Baseboard hot water heating systems are the most common types of hot water heating in American homes. This type of heating is known as hydronic heat.
Baseboard Hot Water Basics
A baseboard hot water system features finned-tube emitters located close to the floor, covered by a metal housing enclosure. The metal fins surround the copper tubing through which the hot water flows, absorbing the heat from the copper and radiating it upward and into the room. The housing has a reflective material inside that boosts heat transfer from the fins to the air that passes over them. The material is positioned at the back side of the heater to prevent the warm air from being absorbed into the cold wall behind it. Each individual fin acts as its own heat emitter.
One of the greatest misconceptions about baseboard hot water heating systems is that the enclosure is installed directly on top of the floor when it really shouldn't be. For the heater to work effectively, the pipe and fins must be installed at least one or two inches above the finished floor so sufficient air can flow through for maximum heat transfer. If the pipes are installed tight to the floor, air will not be able to flow through and the heating results will be inefficient.
Piping and Water Delivery
In hydronic heat, the water is heated by a boiler which is fueled by either natural gas, propane, oil or electricity, and pushed through the system of pipes by a pump or circulator. The water usually leaves the boiler at a temperature of approximately 200 degrees. As the water travels through the system, it transmits its heat and eventually returns to the boiler to be reheated and redistributed. The water returns to the boiler much cooler, typically around 150 degrees.
Traditionally, one of the biggest drawbacks of baseboard hot water heat has been the inability to control the temperature in select areas of the home, but with high-end systems that is no longer a problem. Modern systems are multi-zoned which incorporate branch circuits that operate as loops off the main system. When heat is called for in one zone but not the other, the lines that feed the non-heat zone are bypassed and only the zone that's calling for heat receives the hot water. Depending on the size of the installation, a circulator pump may be installed on each branch loop. This helps prevent the main pump from kicking on every time a zone calls for heat.
Pros and Cons of Hydronic Heat
- Runs quietly
- Energy efficient
- Accurate temperature control
- Baseboard enclosures must remain unobstructed making furniture arrangement a challenge
- Heating is gradual and takes longer
- If the home has a central air conditioning unit, it requires separate ductwork distribution
Common Troubleshooting Issues
Baseboard hot water heating is generally reliable but like all types of plumbing systems, it can suffer from certain problems that will require troubleshooting and repair. Common problems include:
Leaks in the system - Leaks are easily distinguishable because the floor below the leak will be wet.
Pump failure - When a circulating pump fails it is usually due to the bearings wearing out. When this happens, the pump will make a lot of noise when it runs. The pump is also prone to developing leaks when its seals start to wear.
Boiler failure - Boilers can develop leaks just like hot water tanks, but because these systems are enclosed without new water constantly being brought in, the likelihood of this happening is reduced because there is no calcium build up like there is in a hot water tank.

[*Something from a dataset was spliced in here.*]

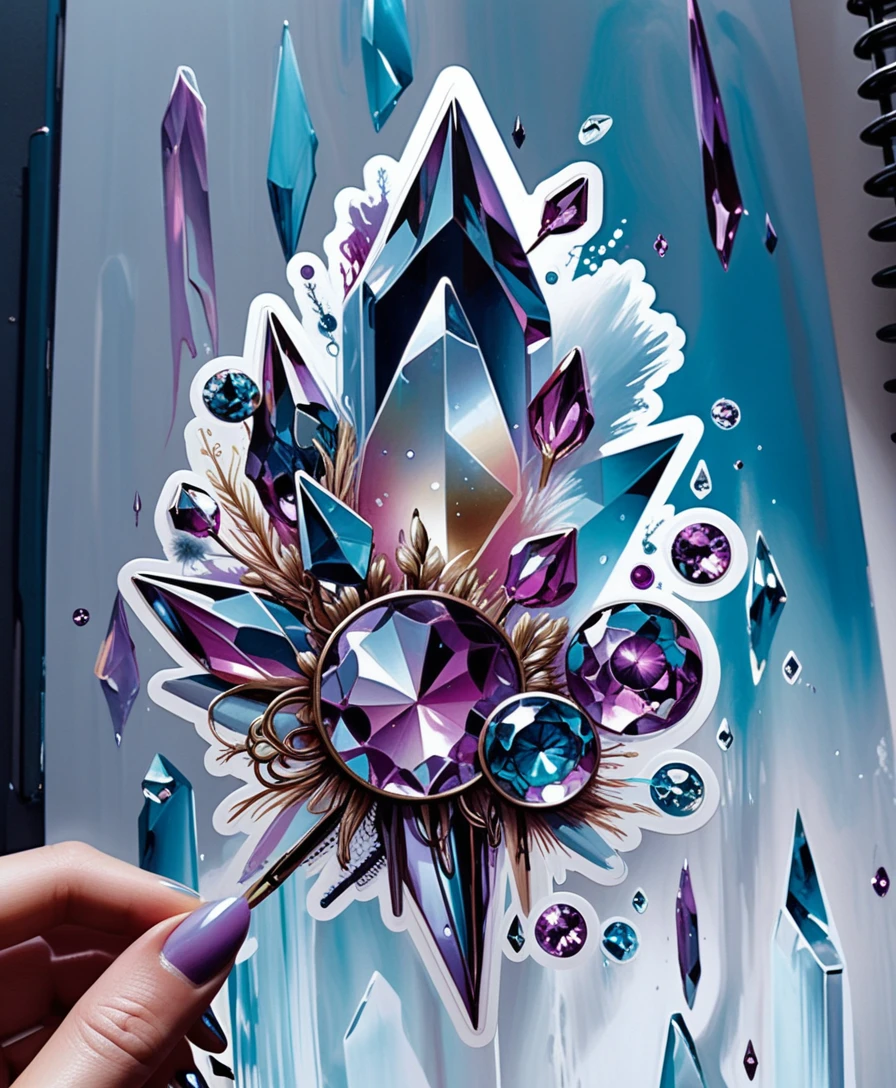 Gruppi di cristalli colorati su foglio di sticker bianco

Air in the pipes - If you hear gurgling noises in your hot water heating system, then air is trapped in the pipes. The system should have a tire valve somewhere near its high point where air can be bled from the pipes.
Dirty radiator units - Even though the fins are covered by the enclosure, dust will still accumulate in and around them. In order to maintain the efficiency of the heat, the fins should be vacuumed on a routine basis.
Hydronic heating is fast becoming a popular choice in new homes, but baseboard hot water heating is not the preferred method in the modern home. These days, in-floor radiant heating is what's hot as it allows heat to radiate up into the entire room from the ground level. This type of hot water heating still follows the basic principles of baseboard hydronic heat, taking it to the next stage of its evolution.